* _Short descriptive text snippets_:
※

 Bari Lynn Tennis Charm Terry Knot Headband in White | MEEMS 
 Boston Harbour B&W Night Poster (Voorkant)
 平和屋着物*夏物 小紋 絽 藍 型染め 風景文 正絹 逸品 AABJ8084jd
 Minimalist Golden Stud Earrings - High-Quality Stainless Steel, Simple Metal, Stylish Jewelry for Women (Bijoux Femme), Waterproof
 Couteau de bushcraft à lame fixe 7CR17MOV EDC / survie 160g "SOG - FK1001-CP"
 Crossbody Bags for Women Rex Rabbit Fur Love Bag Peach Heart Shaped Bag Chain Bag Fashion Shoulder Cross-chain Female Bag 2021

※

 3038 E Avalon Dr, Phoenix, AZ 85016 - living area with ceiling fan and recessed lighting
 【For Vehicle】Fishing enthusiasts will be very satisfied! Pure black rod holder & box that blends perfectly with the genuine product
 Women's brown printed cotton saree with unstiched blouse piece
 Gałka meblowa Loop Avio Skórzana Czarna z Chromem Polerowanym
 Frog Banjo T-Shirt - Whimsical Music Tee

※

In the records above, how many lines include "with"? Give that number and nothing more.

* _Output_:
3